* [RAW DATA]:

···

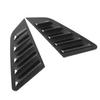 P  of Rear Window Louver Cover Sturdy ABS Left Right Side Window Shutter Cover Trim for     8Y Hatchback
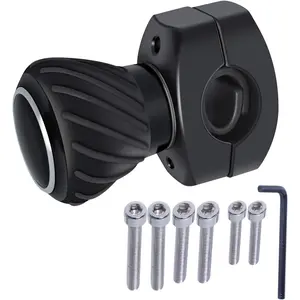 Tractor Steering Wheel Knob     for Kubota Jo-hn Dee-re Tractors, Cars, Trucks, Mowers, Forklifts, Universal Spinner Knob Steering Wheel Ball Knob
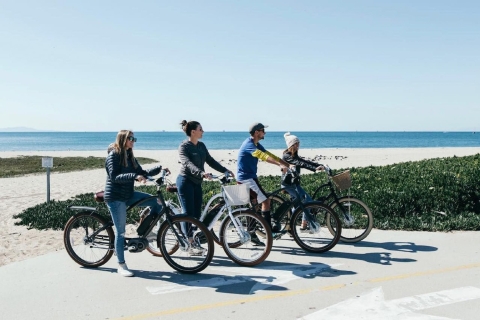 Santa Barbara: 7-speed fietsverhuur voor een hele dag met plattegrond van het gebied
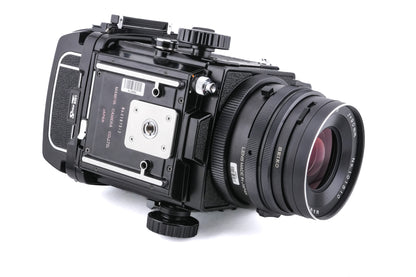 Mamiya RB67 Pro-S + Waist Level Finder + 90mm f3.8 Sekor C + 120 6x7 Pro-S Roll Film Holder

···

* [YOUR GOAL]: Make a word-for-word repeat of the material, skipping all pictures.

* [EXPECTED ANSWER]:
 P  of Rear Window Louver Cover Sturdy ABS Left Right Side Window Shutter Cover Trim for     8Y Hatchback
 Tractor Steering Wheel Knob     for Kubota Jo-hn Dee-re Tractors, Cars, Trucks, Mowers, Forklifts, Universal Spinner Knob Steering Wheel Ball Knob
 Santa Barbara: 7-speed fietsverhuur voor een hele dag met plattegrond van het gebied
 Mamiya RB67 Pro-S + Waist Level Finder + 90mm f3.8 Sekor C + 120 6x7 Pro-S Roll Film Holder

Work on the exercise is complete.